EXERCISE: Find the line in the entries below that contains "нет не нахуя дрочить огурцом". Repeat it exactly, and every line after it through the line that contains "今日2027年06月20日商".

[Records excerpted from a collection]
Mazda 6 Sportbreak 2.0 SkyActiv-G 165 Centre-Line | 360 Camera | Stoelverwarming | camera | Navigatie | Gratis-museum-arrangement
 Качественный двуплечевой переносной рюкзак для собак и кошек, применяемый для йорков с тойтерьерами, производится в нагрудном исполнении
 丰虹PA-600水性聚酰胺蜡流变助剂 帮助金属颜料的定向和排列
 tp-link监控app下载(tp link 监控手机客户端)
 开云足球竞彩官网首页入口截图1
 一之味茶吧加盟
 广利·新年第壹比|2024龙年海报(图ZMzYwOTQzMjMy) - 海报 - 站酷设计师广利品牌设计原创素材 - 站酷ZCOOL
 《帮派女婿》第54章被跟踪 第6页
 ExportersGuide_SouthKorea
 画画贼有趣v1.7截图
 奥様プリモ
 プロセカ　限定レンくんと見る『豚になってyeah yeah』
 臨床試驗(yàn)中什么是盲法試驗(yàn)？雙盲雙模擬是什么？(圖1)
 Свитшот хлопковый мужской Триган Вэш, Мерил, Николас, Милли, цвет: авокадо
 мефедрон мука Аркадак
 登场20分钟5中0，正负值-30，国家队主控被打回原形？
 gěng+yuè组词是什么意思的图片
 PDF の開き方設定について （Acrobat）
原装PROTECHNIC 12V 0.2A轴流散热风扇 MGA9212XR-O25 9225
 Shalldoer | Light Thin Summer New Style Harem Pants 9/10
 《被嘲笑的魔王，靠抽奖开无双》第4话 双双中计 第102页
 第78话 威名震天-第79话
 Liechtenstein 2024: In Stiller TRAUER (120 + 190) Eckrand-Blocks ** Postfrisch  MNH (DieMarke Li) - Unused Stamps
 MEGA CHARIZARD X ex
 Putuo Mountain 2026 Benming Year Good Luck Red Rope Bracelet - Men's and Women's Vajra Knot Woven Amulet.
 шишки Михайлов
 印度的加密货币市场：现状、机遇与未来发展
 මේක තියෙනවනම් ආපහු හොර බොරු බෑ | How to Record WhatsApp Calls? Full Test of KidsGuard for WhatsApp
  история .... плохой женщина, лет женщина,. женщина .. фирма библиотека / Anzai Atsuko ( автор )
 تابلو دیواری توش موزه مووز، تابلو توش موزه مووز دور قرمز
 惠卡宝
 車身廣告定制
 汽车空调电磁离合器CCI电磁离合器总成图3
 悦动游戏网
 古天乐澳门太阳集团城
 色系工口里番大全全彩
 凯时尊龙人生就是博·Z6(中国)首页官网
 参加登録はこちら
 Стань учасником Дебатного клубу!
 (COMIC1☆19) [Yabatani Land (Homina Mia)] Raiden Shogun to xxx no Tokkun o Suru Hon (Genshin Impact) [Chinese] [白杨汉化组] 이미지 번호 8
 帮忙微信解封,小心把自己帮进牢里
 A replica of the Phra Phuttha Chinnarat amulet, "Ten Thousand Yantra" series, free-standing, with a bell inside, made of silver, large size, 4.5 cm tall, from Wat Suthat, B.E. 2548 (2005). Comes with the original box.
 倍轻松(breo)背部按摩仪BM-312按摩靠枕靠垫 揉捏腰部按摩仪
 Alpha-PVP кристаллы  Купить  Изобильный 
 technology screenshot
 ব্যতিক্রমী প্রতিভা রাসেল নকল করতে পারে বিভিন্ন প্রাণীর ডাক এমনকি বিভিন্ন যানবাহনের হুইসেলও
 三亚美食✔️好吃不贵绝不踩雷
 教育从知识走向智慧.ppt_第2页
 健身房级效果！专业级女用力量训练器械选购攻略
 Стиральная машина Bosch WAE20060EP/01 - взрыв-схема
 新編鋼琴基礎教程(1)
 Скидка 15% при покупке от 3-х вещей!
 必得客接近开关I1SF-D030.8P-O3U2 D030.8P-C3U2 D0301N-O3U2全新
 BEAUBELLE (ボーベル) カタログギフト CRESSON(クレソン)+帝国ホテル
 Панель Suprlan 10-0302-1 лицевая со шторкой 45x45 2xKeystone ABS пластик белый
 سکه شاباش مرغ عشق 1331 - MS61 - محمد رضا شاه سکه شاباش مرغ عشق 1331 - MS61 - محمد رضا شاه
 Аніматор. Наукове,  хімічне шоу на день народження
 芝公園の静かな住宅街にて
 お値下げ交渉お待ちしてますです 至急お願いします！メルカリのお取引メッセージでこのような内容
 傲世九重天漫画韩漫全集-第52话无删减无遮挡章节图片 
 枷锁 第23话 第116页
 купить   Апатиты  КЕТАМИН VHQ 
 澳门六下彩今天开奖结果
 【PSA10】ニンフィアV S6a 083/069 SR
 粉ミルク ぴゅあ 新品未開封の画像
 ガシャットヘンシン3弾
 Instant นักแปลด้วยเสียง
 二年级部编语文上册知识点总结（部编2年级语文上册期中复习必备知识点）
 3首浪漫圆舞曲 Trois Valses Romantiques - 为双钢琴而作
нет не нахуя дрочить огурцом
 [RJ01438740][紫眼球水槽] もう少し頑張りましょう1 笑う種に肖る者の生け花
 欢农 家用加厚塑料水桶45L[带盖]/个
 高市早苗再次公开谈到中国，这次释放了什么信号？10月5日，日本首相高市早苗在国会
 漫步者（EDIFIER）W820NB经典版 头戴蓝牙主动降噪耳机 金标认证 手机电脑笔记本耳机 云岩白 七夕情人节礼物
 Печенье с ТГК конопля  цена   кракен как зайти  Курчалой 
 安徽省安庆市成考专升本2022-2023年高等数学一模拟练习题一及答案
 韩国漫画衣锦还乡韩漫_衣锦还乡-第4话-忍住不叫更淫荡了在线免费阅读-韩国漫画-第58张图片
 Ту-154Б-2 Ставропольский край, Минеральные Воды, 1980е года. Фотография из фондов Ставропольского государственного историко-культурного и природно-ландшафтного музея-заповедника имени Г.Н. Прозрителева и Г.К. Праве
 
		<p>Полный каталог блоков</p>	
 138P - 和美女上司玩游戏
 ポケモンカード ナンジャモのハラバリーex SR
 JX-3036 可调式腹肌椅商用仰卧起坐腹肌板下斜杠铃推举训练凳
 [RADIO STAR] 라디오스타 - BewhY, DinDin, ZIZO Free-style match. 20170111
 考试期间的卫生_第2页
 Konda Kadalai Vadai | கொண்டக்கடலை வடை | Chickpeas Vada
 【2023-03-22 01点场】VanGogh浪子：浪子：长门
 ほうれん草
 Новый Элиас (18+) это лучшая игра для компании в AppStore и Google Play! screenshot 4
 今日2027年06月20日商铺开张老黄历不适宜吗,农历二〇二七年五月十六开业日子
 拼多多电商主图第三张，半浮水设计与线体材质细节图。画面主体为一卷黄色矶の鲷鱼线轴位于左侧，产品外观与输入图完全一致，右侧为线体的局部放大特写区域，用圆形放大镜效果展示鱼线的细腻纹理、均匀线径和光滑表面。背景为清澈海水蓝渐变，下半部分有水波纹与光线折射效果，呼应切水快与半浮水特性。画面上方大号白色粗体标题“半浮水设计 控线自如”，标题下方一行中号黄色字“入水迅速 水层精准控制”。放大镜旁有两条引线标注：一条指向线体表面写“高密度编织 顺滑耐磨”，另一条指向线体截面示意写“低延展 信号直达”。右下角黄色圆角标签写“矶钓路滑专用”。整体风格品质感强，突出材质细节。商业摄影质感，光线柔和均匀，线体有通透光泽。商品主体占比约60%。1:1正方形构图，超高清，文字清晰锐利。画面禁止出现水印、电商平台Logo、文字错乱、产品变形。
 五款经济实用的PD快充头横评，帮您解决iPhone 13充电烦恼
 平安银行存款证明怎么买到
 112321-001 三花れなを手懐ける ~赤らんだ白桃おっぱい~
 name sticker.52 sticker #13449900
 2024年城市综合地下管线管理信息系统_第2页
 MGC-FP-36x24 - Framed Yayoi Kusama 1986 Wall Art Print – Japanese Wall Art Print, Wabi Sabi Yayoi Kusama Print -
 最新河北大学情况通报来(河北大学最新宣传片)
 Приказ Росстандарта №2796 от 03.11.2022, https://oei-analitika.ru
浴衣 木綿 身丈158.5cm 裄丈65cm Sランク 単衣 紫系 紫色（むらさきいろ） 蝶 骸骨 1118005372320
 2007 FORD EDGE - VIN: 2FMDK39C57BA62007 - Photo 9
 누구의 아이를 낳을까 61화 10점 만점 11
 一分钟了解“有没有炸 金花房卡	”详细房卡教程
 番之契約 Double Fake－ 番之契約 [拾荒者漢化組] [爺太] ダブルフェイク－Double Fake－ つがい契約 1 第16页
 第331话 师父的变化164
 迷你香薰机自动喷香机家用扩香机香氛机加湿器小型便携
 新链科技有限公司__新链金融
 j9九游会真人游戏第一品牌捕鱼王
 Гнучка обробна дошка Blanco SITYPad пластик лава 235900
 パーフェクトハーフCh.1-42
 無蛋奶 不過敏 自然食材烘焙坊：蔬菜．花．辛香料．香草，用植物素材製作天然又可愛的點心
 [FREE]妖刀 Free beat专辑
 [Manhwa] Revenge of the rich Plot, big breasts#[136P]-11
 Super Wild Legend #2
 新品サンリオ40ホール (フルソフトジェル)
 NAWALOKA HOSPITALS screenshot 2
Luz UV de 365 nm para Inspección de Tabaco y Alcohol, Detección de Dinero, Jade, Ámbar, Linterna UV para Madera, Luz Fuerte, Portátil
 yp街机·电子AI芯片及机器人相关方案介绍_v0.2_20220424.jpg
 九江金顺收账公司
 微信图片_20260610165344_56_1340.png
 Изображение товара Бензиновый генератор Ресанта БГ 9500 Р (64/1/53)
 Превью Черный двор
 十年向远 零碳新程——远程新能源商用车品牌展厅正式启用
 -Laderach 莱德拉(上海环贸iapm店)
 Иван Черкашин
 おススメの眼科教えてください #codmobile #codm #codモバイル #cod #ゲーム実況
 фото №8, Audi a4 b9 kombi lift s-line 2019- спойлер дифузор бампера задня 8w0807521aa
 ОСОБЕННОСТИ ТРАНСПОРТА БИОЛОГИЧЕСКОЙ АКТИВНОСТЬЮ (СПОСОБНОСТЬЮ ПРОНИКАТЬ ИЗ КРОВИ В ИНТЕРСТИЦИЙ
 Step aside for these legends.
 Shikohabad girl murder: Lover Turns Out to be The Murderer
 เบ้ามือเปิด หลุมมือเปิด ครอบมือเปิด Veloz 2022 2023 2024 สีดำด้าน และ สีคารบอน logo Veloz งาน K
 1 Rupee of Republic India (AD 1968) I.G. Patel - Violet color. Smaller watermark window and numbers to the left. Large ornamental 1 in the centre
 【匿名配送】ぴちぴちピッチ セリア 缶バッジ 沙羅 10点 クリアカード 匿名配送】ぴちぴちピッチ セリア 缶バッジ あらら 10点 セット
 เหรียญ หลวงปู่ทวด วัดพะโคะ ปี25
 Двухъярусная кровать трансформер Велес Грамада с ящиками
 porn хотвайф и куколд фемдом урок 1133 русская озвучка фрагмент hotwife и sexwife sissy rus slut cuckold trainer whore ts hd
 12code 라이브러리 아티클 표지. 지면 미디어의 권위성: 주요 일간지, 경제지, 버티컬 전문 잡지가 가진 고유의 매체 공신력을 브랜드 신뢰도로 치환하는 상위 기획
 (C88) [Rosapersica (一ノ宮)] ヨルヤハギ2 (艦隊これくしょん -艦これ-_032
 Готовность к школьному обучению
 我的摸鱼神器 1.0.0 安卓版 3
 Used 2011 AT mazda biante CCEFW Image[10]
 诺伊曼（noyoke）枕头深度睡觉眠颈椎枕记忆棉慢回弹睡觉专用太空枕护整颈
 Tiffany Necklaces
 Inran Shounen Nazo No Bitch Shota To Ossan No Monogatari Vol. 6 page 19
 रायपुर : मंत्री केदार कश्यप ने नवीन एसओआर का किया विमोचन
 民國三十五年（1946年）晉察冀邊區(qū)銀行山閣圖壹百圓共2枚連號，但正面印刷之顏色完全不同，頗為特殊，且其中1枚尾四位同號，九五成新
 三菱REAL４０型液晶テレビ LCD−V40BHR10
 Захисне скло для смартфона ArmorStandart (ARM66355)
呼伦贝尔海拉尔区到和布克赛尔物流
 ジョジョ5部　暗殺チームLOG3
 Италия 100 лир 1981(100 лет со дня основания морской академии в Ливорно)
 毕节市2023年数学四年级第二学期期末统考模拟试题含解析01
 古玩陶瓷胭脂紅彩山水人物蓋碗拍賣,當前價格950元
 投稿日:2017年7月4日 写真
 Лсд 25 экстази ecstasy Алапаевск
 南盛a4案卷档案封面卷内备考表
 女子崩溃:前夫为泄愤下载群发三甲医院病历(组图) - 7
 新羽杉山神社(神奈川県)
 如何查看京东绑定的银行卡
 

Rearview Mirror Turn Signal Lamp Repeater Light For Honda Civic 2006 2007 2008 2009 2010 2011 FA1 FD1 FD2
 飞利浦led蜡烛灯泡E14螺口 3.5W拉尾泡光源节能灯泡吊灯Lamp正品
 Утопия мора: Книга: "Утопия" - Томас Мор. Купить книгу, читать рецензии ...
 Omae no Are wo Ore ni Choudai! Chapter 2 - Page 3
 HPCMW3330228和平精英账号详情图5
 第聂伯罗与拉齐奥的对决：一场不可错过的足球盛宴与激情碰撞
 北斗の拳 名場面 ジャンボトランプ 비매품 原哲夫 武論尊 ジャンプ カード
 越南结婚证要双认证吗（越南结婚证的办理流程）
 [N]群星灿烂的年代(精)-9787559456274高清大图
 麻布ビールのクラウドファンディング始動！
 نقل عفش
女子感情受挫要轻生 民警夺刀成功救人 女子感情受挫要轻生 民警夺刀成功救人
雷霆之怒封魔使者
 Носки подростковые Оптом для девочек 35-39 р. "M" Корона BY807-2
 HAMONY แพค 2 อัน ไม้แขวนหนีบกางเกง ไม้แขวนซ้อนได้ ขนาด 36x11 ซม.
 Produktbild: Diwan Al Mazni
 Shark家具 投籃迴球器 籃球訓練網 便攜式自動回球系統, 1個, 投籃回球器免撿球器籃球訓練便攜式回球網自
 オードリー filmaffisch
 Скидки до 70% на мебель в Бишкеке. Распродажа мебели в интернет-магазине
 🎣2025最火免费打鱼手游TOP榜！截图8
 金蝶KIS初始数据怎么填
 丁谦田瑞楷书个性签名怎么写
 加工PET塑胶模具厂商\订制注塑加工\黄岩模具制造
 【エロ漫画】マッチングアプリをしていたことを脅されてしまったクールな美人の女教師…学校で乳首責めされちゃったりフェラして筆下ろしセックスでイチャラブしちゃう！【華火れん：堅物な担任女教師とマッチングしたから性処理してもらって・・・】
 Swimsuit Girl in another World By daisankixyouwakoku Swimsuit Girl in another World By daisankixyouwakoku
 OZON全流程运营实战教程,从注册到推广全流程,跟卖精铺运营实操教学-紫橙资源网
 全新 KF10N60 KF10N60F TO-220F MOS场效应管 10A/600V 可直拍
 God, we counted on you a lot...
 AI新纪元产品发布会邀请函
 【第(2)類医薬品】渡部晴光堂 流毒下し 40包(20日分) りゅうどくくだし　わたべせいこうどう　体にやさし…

EXERCISE RESPONSE:
нет не нахуя дрочить огурцом
 [RJ01438740][紫眼球水槽] もう少し頑張りましょう1 笑う種に肖る者の生け花
 欢农 家用加厚塑料水桶45L[带盖]/个
 高市早苗再次公开谈到中国，这次释放了什么信号？10月5日，日本首相高市早苗在国会
 漫步者（EDIFIER）W820NB经典版 头戴蓝牙主动降噪耳机 金标认证 手机电脑笔记本耳机 云岩白 七夕情人节礼物
 Печенье с ТГК конопля  цена   кракен как зайти  Курчалой 
 安徽省安庆市成考专升本2022-2023年高等数学一模拟练习题一及答案
 韩国漫画衣锦还乡韩漫_衣锦还乡-第4话-忍住不叫更淫荡了在线免费阅读-韩国漫画-第58张图片
 Ту-154Б-2 Ставропольский край, Минеральные Воды, 1980е года. Фотография из фондов Ставропольского государственного историко-культурного и природно-ландшафтного музея-заповедника имени Г.Н. Прозрителева и Г.К. Праве
 
		<p>Полный каталог блоков</p>	
 138P - 和美女上司玩游戏
 ポケモンカード ナンジャモのハラバリーex SR
 JX-3036 可调式腹肌椅商用仰卧起坐腹肌板下斜杠铃推举训练凳
 [RADIO STAR] 라디오스타 - BewhY, DinDin, ZIZO Free-style match. 20170111
 考试期间的卫生_第2页
 Konda Kadalai Vadai | கொண்டக்கடலை வடை | Chickpeas Vada
 【2023-03-22 01点场】VanGogh浪子：浪子：长门
 ほうれん草
 Новый Элиас (18+) это лучшая игра для компании в AppStore и Google Play! screenshot 4
 今日2027年06月20日商铺开张老黄历不适宜吗,农历二〇二七年五月十六开业日子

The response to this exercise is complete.